Task objective >> Beginning with the line that contains "Cylinder Indoor/Outdoor Concrete", transcribe the rest of the listing below exactly, including its last line, and exclude any pictures.
Content starts
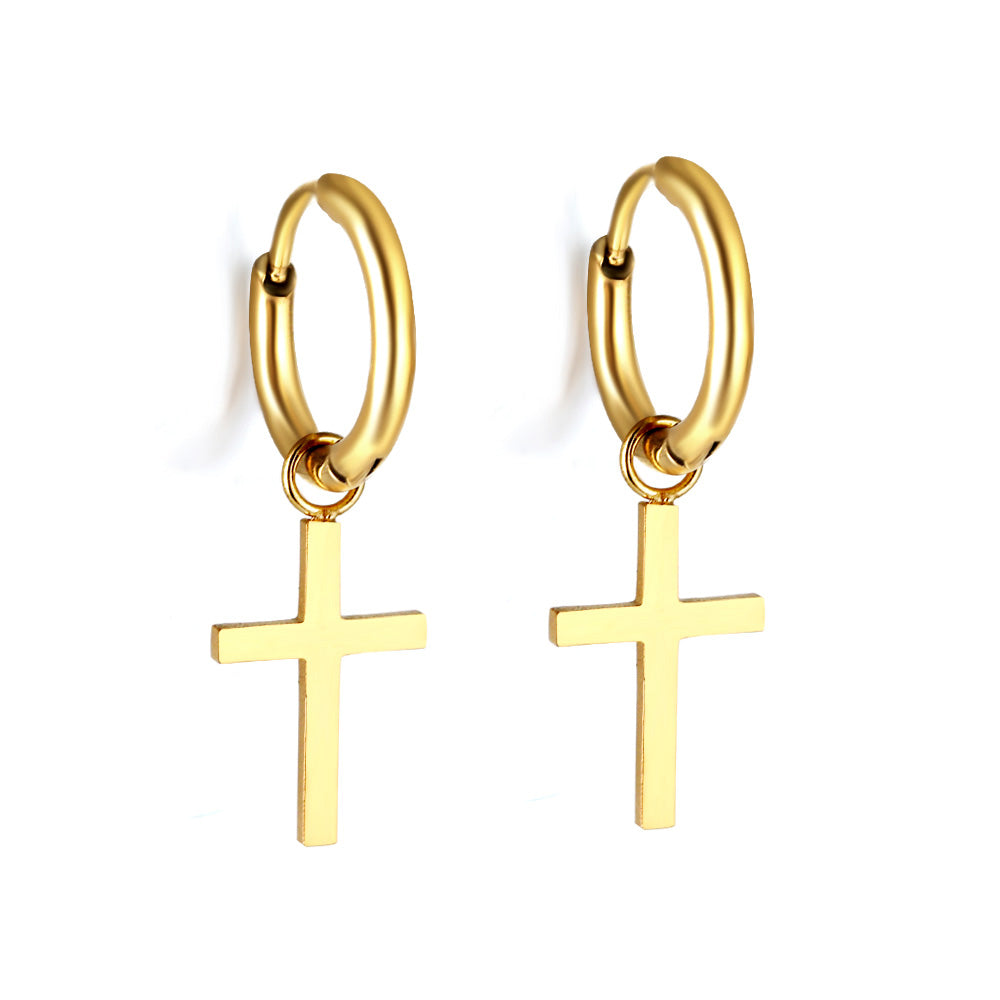 1.6x13.5mm Circle with Cross Earrings asonjewelry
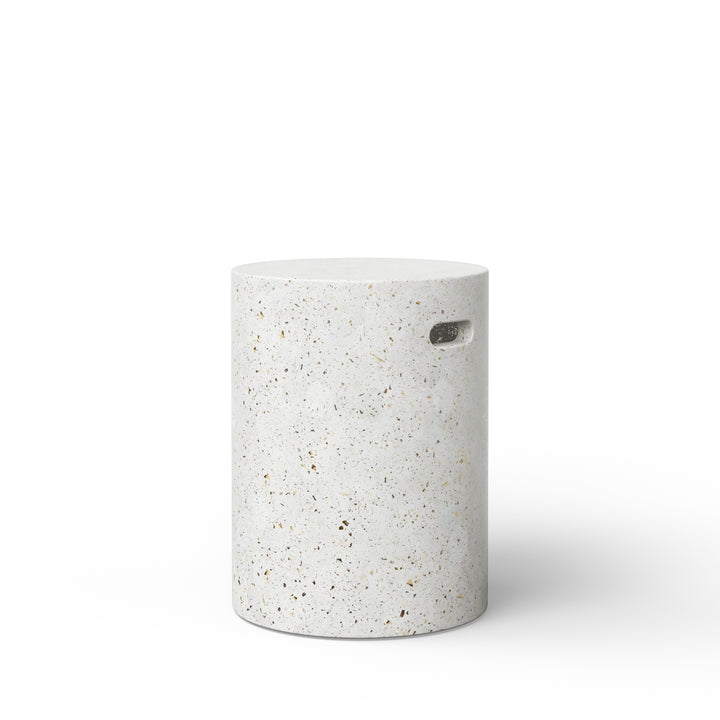 Cylinder Indoor/Outdoor Concrete Stool - Ivory Terrazzo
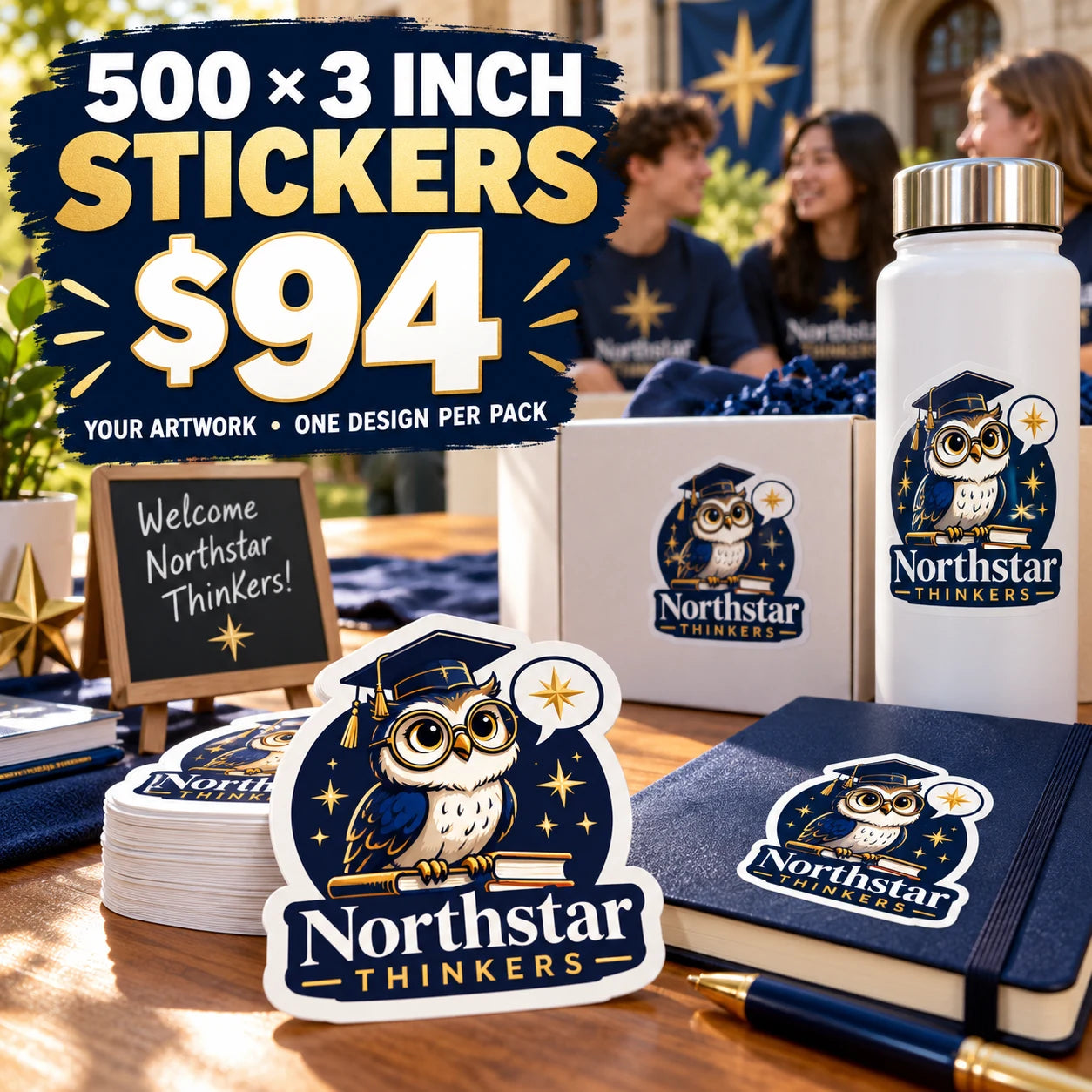 Northstar Thinkers fictional example: 500 custom 3 inch stickers for $94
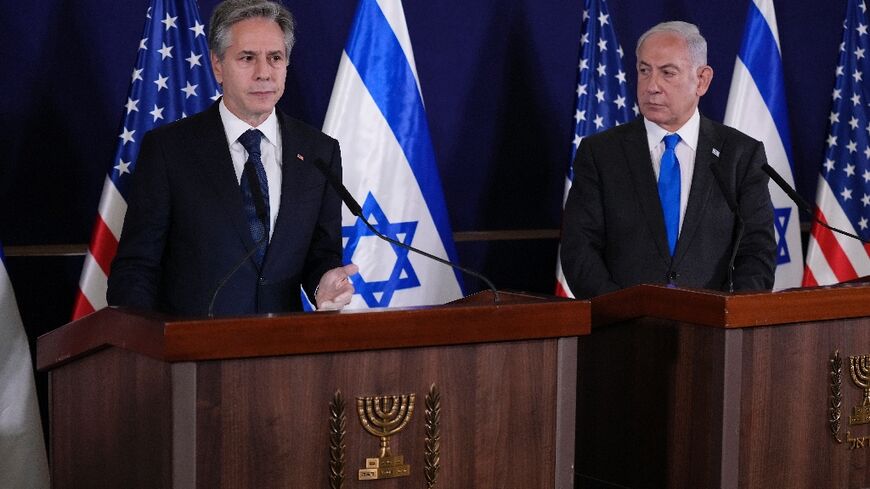 Israeli Prime Minister Benjamin Netanyahu and US Secretary of State Antony Blinken give statements to the media 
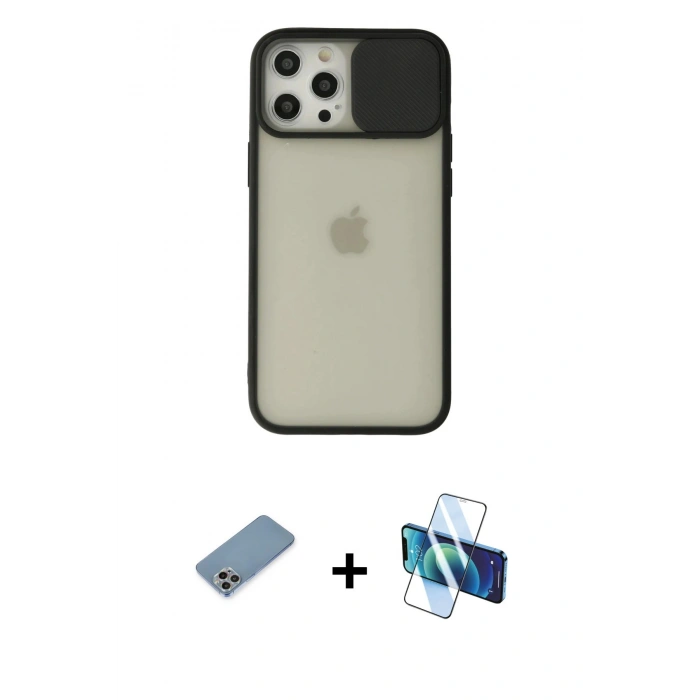 MARSİLYAN™- iPhone 12 Pro Max Kılıf Vadi Çizgi - Siyah 3D Antistatik Cam Ekran Koruyucu + Shine Kamera Lens Koruma Cam - GI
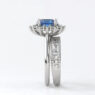 Custom made oval cut sapphire floral halo engagement ring sb4463 image 01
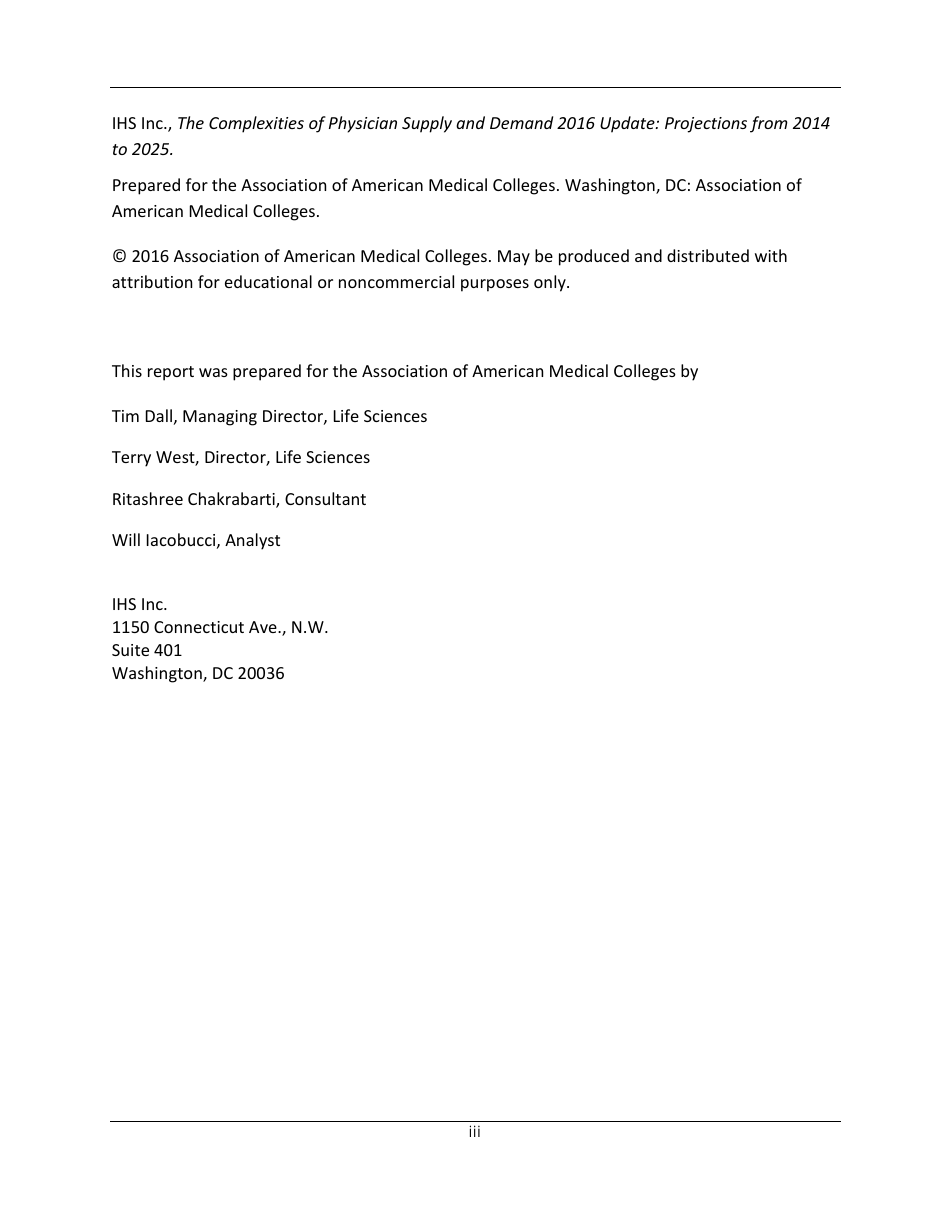 The Complexities of Physician Supply and Demand: Projections From 2014 to 2025 - Ihs Inc., Page 4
Content ends
Result >>
 Cylinder Indoor/Outdoor Concrete Stool - Ivory Terrazzo
 Northstar Thinkers fictional example: 500 custom 3 inch stickers for $94
 Israeli Prime Minister Benjamin Netanyahu and US Secretary of State Antony Blinken give statements to the media 
 MARSİLYAN™- iPhone 12 Pro Max Kılıf Vadi Çizgi - Siyah 3D Antistatik Cam Ekran Koruyucu + Shine Kamera Lens Koruma Cam - GI
 Custom made oval cut sapphire floral halo engagement ring sb4463 image 01
 The Complexities of Physician Supply and Demand: Projections From 2014 to 2025 - Ihs Inc., Page 4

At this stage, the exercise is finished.